5 complaints filed over signs
The county’s code enforcement director says he has received numerous calls about signs protesting Natural Heritage 2020.
But only five official written complaints have been made, according to records obtained by The Union Friday.
Nevada County Code Enforcement Director Steve Brown recently mailed letters to two property rights organizations – Protect Your Property Rights and Citizens for Property Rights In Nevada County – giving them 15 days to remove the “No on NH 2020” and “Stop NH 2020” protest signs before he would tell property owners to do so.
The organizations’ names and phone numbers appear on the signs. If they don’t take them down, Brown said, he will notify the owners of property where the signs stand and give them 30 days to remove the signs, at their expense.
The Union obtained a complaint submitted by Ron Milner, who was part of a 1998 lawsuit to keep access to paths alongside Nevada Irrigation District water canals. Two other people submitted and signed copies of his complaint.
This time, though, Milner said he did not plan to pursue any legal action, but instead would “wait for the signs to rot out.”
Milner’s typed complaint listed four signs he said he found “particularly offensive,” one of which is posted on Lowell Robinson’s property.
Robinson, owner of Robinson Enterprises, a Nevada City-based logging company, said he would take down the large signs if people he trusted, whom he declined to name, told him the signs should come down.

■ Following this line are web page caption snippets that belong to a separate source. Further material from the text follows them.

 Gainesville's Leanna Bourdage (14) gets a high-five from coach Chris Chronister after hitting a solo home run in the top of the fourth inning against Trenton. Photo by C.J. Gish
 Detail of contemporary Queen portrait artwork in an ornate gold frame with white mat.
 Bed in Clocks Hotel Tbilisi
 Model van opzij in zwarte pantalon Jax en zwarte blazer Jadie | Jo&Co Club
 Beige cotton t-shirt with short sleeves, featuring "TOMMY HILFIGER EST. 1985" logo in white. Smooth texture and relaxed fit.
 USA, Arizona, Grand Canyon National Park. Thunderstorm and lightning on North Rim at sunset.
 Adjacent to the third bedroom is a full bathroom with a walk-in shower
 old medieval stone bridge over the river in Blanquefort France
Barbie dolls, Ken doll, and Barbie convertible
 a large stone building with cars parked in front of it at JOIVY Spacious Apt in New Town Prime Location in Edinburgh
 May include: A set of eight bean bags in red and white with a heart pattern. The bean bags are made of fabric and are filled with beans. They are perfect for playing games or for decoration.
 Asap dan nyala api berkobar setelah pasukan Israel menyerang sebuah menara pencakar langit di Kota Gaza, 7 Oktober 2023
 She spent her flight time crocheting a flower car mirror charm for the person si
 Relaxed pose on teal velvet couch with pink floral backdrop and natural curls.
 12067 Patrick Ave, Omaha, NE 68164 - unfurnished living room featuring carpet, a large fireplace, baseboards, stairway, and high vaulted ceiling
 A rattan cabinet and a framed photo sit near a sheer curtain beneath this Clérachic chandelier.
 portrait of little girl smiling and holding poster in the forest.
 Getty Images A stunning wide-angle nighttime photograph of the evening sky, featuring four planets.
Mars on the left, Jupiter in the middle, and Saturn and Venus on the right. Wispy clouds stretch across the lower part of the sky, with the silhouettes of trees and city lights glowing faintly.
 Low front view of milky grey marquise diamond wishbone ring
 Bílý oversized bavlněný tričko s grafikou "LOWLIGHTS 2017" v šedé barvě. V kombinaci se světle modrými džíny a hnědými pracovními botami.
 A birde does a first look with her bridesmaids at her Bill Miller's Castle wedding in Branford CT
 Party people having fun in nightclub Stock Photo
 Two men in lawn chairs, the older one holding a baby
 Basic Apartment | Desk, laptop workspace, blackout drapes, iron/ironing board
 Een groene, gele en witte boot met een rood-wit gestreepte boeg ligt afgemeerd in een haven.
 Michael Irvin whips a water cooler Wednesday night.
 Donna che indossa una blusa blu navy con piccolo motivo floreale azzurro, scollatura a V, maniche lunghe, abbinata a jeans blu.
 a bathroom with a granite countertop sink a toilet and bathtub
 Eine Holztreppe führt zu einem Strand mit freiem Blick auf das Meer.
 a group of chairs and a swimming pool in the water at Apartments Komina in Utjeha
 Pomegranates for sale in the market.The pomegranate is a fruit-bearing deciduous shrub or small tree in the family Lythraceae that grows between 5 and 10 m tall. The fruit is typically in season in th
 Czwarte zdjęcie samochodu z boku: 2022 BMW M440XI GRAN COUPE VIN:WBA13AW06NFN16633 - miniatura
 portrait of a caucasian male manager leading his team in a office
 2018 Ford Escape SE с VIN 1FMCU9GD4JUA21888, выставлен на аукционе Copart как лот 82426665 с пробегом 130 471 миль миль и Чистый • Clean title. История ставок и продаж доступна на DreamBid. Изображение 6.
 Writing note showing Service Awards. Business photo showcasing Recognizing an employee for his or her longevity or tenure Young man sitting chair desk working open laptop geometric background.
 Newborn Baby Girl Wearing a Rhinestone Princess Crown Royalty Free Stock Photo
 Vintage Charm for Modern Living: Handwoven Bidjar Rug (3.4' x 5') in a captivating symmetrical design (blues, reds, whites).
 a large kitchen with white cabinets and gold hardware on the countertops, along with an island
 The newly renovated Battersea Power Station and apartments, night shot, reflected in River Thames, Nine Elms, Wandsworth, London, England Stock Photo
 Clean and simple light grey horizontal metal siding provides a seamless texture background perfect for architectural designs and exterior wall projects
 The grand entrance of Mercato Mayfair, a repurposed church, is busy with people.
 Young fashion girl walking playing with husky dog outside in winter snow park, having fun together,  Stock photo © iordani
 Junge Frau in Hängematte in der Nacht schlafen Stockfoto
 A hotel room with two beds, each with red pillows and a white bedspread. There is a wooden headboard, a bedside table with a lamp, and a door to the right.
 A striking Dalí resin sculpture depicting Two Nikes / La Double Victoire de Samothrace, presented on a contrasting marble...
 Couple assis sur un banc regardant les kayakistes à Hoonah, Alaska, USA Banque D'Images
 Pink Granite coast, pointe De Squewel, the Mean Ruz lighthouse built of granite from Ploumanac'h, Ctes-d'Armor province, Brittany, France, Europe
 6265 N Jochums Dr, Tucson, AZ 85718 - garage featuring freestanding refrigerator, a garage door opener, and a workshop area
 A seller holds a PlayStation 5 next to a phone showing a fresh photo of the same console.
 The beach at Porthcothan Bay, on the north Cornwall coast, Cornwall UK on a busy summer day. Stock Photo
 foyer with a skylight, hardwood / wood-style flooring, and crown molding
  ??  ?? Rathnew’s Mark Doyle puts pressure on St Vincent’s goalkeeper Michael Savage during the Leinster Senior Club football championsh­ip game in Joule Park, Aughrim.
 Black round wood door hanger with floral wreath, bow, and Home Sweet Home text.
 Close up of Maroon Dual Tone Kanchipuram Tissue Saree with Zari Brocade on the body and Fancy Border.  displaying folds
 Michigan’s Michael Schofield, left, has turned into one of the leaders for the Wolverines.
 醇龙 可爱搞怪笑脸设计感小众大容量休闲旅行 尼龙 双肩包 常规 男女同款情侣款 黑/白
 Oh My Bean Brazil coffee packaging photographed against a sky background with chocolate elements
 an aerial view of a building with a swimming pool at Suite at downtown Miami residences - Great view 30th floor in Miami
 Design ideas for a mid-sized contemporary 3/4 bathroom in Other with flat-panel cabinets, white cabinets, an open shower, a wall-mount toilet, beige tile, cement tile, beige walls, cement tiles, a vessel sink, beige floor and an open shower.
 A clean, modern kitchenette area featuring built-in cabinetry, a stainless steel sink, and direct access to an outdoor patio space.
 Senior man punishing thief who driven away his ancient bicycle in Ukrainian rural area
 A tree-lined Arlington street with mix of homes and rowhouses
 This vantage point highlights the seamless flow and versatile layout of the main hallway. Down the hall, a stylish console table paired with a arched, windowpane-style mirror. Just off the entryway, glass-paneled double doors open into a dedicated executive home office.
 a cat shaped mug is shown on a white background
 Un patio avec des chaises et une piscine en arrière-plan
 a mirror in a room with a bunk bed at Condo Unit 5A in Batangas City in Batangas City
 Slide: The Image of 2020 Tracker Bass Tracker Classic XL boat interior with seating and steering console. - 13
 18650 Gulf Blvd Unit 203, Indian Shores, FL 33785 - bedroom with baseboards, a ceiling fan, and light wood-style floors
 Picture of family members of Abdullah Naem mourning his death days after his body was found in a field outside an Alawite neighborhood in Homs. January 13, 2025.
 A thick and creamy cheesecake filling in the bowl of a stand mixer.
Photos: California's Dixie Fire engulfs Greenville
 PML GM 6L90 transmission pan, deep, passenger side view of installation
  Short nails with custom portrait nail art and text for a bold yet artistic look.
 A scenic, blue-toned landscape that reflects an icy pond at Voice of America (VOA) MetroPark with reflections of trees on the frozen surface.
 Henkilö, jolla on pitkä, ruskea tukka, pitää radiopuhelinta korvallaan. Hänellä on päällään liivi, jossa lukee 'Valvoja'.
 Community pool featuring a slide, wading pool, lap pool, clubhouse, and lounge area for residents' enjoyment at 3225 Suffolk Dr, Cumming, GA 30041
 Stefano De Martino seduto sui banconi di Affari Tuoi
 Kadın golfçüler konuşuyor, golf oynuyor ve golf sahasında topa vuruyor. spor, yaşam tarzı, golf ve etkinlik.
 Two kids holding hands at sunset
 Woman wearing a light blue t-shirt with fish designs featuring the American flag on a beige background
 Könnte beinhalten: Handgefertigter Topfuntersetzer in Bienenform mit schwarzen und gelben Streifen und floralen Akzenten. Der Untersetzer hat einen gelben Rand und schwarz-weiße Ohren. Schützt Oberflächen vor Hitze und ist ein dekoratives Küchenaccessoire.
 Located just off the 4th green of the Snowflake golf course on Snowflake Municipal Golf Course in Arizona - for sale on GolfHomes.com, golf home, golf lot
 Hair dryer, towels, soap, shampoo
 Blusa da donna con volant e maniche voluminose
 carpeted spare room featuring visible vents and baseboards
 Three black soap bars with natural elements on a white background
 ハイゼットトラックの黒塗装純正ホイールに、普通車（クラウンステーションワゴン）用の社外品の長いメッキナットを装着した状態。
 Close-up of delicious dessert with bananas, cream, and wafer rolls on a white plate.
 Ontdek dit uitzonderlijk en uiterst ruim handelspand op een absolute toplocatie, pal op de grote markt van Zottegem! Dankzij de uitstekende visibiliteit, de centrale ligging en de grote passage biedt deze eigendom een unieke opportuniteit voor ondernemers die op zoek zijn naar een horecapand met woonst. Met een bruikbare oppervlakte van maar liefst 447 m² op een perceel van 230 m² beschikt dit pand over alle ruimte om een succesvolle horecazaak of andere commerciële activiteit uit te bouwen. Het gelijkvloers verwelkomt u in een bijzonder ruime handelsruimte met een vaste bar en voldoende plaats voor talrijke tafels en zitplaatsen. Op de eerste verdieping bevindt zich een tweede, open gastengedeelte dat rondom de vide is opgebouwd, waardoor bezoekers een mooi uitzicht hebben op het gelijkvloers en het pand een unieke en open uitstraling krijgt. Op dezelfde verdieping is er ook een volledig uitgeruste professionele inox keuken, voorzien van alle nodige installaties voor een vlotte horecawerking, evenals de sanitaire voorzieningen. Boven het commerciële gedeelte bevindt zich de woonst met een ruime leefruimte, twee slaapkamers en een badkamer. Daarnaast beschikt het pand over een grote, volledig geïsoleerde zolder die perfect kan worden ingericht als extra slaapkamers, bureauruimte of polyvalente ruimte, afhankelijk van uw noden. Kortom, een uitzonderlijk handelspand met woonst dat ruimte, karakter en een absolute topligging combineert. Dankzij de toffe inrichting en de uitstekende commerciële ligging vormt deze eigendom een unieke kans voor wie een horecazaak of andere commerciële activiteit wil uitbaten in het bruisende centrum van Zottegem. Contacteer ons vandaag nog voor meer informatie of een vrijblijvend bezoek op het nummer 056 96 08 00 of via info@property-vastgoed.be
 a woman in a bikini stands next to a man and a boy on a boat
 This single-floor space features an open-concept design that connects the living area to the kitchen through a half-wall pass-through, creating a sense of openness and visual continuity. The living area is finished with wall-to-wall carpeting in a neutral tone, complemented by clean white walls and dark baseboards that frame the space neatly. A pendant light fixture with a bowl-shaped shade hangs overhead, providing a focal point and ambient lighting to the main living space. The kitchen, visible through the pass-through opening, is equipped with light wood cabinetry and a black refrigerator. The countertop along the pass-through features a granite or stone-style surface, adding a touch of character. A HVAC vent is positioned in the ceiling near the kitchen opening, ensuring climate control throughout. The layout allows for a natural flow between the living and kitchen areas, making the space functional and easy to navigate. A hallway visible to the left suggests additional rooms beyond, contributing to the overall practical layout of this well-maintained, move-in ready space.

“It’s a matter of opinion, if it’s an election sign,” Robinson said. “We’ll follow the rules.” He said he wanted to make sure property rights activists “stick together and are on same page.”
Drew Bedwell, founder of PYPR and 3rd District supervisorial candidate, received Brown’s letter March 29. He said he had removed his own campaign signs, but NH 2020 protest signs belonged to the owners of the property where the signs stand.
In January, Brown said the red, black and white, “No on NH 2020” signs – 32 square feet, the maximum size allowed for signs by the county – are campaign signs, and thus should have been removed 10 days after the March 5 election.
Brown said he did not ask that signs be removed when they started appearing 11/2 years ago because “in the beginning, there were not that many of them.”
The movement to remove the signs started around October, when there were “just huge numbers of them around, a genuine epidemic,” he said.
Brown said he had received many sign complaint calls. But he directed callers to fill out a written complaint, because “We don’t take complaints over the phone.”
A group of citizens, whom Brown declined to name, has created a list of parcels with anti-NH 2020 signs and has offered to show him the list, he said.
Milner said he had not compiled a complete inventory of “No on NH 2020” signs.
“I’m not spending any energy on it,” he said.
Robinson said his family has owned property in Nevada County since 1860, and has “never subdivided any ground.”
“We’ve never had anybody mandate rules that anybody who does have property is going to be policed to somebody’s desires and not recognize the owner’s legal right of personal property rights,” Robinson said.